While it does not appear to be intended by the SRA that supervision requirements will detract from the need for individuals to assess and maintain their own competence and knowledge, it must be apparent that a degree of individual, managerial and firm oversight is expected and should be recorded in order to demonstrate effective compliance. Taking a critical look at your firm, its policies and approach to supervision based on a risk assessment of your work, your clients and your staff profile may help to demonstrate that you have taken all reasonable steps to ensure compliance (COLPs in particular may wish to note that wording...).

It may assist firms to look at supervision both from the perspective of what is expected of a supervisor and from a supervisee. When, for example, should a supervisee proactively seek additional guidance? Is there a clear process as to how supervisees can gain further help or guidance if (say) their immediate supervisor is unavailable?

Firms will need to consider their training programmes, how they identify any training needs and, as part of that process, take into account that the approach of the new rulebook is minimalist. This means, for example, that one cannot simply look to the SRA Standards and Regulations for a complete answer to any question of regulation. One of the ways in which simplification has been achieved is by avoidance of duplication.

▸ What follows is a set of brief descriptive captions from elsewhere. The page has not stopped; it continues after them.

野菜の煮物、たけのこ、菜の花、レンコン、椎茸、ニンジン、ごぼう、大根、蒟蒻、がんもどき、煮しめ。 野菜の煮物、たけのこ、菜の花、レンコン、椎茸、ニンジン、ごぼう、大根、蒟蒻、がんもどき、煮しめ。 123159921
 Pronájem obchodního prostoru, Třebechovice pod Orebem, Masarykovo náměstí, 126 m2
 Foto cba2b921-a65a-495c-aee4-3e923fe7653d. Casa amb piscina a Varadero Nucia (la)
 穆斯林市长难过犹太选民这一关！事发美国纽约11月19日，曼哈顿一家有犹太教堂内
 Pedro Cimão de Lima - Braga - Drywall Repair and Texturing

That means that any regulatory requirement which had appeared in the SRA Handbook but was a mirror or restatement of an obligation contained in legislation will not appear in the new rulebook but will still apply.

The general obligations to maintain knowledge of the law and comply with it incorporate such requirements by reference. That may mean that solicitors need to look again at the source of professional obligations which appear, on the face of the new rulebook, to have been abandoned.